Porque, lo quieras o no, Carlos es un intelectual de esto de los tebeos, y reflexiona y discute y analiza y llega a consecuencias. Y sabe que Superman es Zeus, que mira Metrópolis desde arriba (como el águila americana de cabeza calva con la que a veces se le dibuja), mientras que Batman es Hades y ve Gotham desde el subsuelo. Sabe que los fondos, las calles, las marquesinas, las modas, los coches, los peinados, los muebles, los secundarios, son referentes que deben enriquecer las historias y no distraer de ellas, y que todo tiene y debe tener una lectura enriquecedora que vaya más allá de la simple anécdota.

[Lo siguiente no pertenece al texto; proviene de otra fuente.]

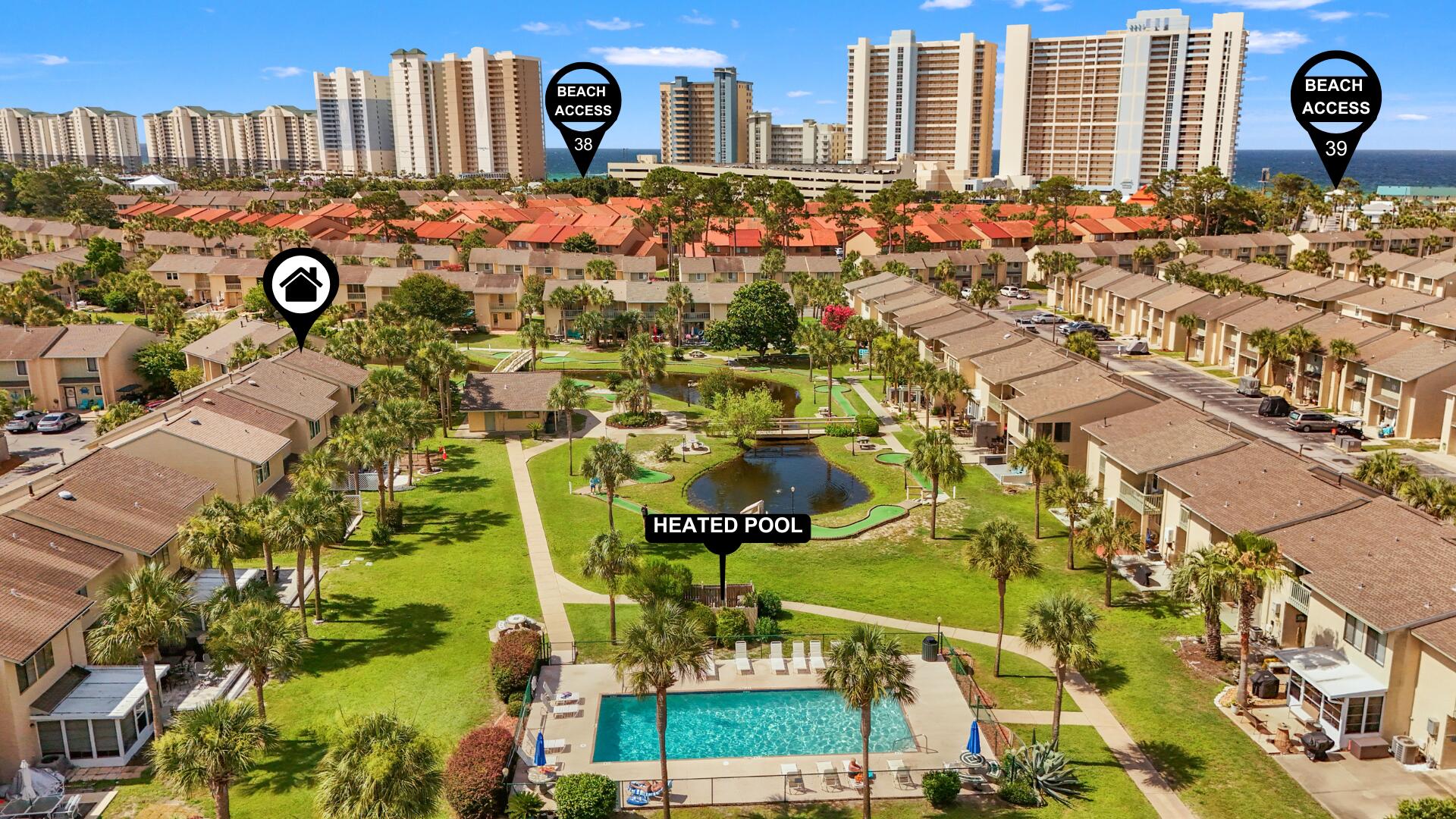Looking for a rare end unit with pool views, extra space, and true beach living that feels like a home? This is the one. Gorgeous end-unit townhome backing directly to a heated pool and mini golf, plus paved golf cart parking, a truly hard-to-find combination in this highly desirable community. This extra-large glass-back end unit has been meticulously maintained and thoughtfully upgraded. Enjoy Florida living at its finest from the beautifully landscaped back patio, perfect for grilling fresh Gulf seafood while watching the kids splash in the heated pool just steps away. An additional pool (11 total) is only a short walk away, offering incredible views and convenience. Inside, the home features a bright main level with LVP flooring, a well-appointed kitchen with recently installed stainless steel appliances, and stylish finishes throughout. Upstairs, the spacious primary suite offers peaceful views of the green mini-golf area and pond creating the perfect retreat after a day at the beach. Unique highlights include: " Beautifully paved front patio " Two assigned parking spaces directly in front of the unit " Fully furnished & rental ready " Accent shiplap & solid wood stairs " LVP flooring throughout " Newer windows and sliding glass back door. Just a 5-minute walk to the beach, or hop on your golf cart and be there in no time. This turnkey townhome is move-in ready and ideal as a primary residence, vacation retreat, or income-producing short-term rental. VA & FHA approved with excellent projected GRI. Don't miss this incredible opportunity. schedule your showing today! LOW HOA fees include: 11 pools(5 heated), pickleball, shuffleboards, water-front restaurant & pool, mini golf, exercise room, tennis courts, playground, WIFI, pest control, termite bond, trash, ground keeping, property patrol, gated community and more.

Es por eso que digo que él dice que vive en la esquizofrenia, porque siendo quizá más americano que muchos autores americanos contemporáneos, es también mucho más europeo que muchos autores europeos, y a su bagaje cultural como lector impenitente de todo tipo de historietas se le suma, y yo al menos lo noto cada vez más, un sentido de la puesta en escena que va más allá de los sótanos de paredes metálicas que abundan hoy en los comic-books, y el trabajo de Carlos y su inefable Jesús Merino a la hora de presentar los mundos donde se desarrollan sus historias tiene mucho que ver, me parece, con el tebeo franco-belga, con la importancia del escenario y la arquitectura perfecta de los edificios. Creo que no exagero si digo que, después de casi quince años trabajando para el mercado americano, en la obra de Carlos empieza a florar el dibujante europeo que lleva dentro.
O sea, sí, lo confieso: a mí también me gustaría ver a Carlos haciendo algo que no sea exclusivamente superheroico, una historieta negra, una historia de espías, una intriga decadente. Porque lo viene haciendo en los tebeos que ahora dibuja, pero quizá la espectacularidad que viene comme in fault con la superheroicidad diluye un poco las otras muchas cualidades que, como narrador, tiene Pacheco.
Ya saben, ese muchacho de San Roque que pegó un día a mi puerta y traía el diluvio universal volcado encima y al que sólo reconocí por sus ojos claros de soñador de nuestro tiempo.